▶ _Task to carry out_
After locating the line that contains "Handmade Surat Mango Wood End Table" in the records below, write out exactly that line and each line after it through the one that contains "Catalogue Home Depot from 08/26/2024", and nothing else.

Start of Data supplied

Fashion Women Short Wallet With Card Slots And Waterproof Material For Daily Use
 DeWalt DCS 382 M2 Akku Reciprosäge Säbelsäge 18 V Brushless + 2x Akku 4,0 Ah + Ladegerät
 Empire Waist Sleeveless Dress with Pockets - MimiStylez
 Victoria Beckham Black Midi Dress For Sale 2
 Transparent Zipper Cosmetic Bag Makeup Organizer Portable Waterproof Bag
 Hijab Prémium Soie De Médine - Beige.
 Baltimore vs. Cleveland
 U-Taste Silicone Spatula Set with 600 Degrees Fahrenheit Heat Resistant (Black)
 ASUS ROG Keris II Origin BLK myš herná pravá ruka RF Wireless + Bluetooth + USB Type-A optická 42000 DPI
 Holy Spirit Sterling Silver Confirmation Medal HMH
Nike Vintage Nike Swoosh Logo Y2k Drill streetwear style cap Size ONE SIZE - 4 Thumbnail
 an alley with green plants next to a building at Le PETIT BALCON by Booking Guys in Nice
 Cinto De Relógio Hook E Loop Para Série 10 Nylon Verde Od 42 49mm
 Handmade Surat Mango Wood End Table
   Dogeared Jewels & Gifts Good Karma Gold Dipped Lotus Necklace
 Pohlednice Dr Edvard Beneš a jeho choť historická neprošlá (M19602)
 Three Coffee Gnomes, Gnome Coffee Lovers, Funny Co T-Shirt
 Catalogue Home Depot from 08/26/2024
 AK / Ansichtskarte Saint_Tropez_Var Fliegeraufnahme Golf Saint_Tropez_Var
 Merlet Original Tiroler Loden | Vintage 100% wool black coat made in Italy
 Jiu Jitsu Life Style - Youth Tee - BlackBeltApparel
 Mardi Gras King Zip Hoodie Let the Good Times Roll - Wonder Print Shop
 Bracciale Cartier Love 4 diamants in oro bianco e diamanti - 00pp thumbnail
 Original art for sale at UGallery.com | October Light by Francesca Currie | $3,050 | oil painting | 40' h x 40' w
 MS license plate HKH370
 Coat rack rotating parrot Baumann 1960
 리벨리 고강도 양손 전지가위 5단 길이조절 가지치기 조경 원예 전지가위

End of Data supplied

▶ _Result_
 Handmade Surat Mango Wood End Table
   Dogeared Jewels & Gifts Good Karma Gold Dipped Lotus Necklace
 Pohlednice Dr Edvard Beneš a jeho choť historická neprošlá (M19602)
 Three Coffee Gnomes, Gnome Coffee Lovers, Funny Co T-Shirt
 Catalogue Home Depot from 08/26/2024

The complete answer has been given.